Advocate S. M. Baker for the Defendant.
JUDGMENT
THE commissioner:
1. Mr Warren wishes me to sanction the interviewing by an independent person, probably the Hampshire Police, of a man referred to throughout the case as Juror 125. The Attorney General seeks an order that that should not be permitted. This application is, in effect, though not in form, an attempt to re-open an argument of abuse of process litigated through all available courts and ultimately conclusively decided against Mr Warren.
2. Juror 125 was on the jury panel selected to try the case until removed from it by order of the Commissioner at trial. The Commissioner had seen ex parte material and ruled upon it and the relevant part of his ruling is as follows:-
3. The overall background to the case is very well rehearsed and I do not need to repeat any of it here. The background of this particular application is a statement made by a man called Justin Michel, formerly an advocate in Jersey but at the time that he made the statement a prisoner in HMP La Moye, he having been convicted and sentenced for offences of money laundering. He made a statement first to those representing one of the other defendants and then, in due course, to the Hampshire Police. In that statement, dated 7th July, 2011, he describes being at an Indian restaurant in Jersey some years before the statement was made.
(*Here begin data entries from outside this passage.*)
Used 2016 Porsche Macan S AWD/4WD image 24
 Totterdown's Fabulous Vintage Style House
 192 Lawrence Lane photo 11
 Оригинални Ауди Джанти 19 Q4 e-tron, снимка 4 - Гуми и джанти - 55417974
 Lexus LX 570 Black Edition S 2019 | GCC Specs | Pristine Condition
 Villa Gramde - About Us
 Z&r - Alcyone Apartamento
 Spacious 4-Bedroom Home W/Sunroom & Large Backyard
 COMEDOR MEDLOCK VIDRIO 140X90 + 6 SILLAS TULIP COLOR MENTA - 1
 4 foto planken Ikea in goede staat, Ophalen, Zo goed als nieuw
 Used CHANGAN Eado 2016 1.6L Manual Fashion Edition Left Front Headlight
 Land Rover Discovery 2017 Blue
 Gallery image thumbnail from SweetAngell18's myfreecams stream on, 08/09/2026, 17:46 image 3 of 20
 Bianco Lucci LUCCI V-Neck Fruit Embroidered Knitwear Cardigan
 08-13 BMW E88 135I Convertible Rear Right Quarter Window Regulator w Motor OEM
He describes being with a group of friends and being joined by a man who, from what he said, was a juror, or had been a juror, in the case of Mr Warren and his co-defendants. He says that they were talking about the legal system, he being a lawyer, and that the man then said that he had been a jury member in the Curtis Warren trial, and I quote here:-
"I believe mentioned that in the evidence he had heard it was believed that the police had been up to no good. He did not elaborate on this though, he then stated at some point he had been at a rugby match when he had been approached by a police officer who had said to him words to the effect of "they're guilty". The male did not acknowledge him and did not have any further conversation with him about it. He did not say that the police officer said anything further to him. The male clearly felt disapproval as to what had happened."
4. It is upon the basis of that statement that it is now sought by the Defence to have Juror 125, for it is presumed to be him, interviewed by somebody, the most likely candidate being, as I say, the Hampshire Police.
5. Some comments need to be made about the statement of Justin Michel. There are firstly some distinct oddities about it. At the time of the conversation that he alleges, he was an advocate, would clearly have understood the significance of a juror, or former juror, saying that he had been spoken to in those terms by a police officer, yet not only did he do nothing, but said nothing, for example advising the man to go to the police or to speak to lawyers for the defendants. Secondly, the chronology he sets out in that statement simply does not work. The first indication by those representing Mr Warren of this allegation was on the 10th May, 2011. Two days later they communicated that to the Prosecution. According to his submissions, Advocate Baker learnt of this allegation on the 10th having been contacted by the advocate for one of the other defendants. In the witness statement Justin Michel speaks of the conversation taking place several weeks after he started his sentence which was on the 5th May. If that is so then the indication that there had been an approach to the juror was made to those representing the other defendant before the conversation that Justin Michel is talking about. It would of course be improbable that within a few days of starting his sentence he would have been talking about this to the co-accused of Mr Warren.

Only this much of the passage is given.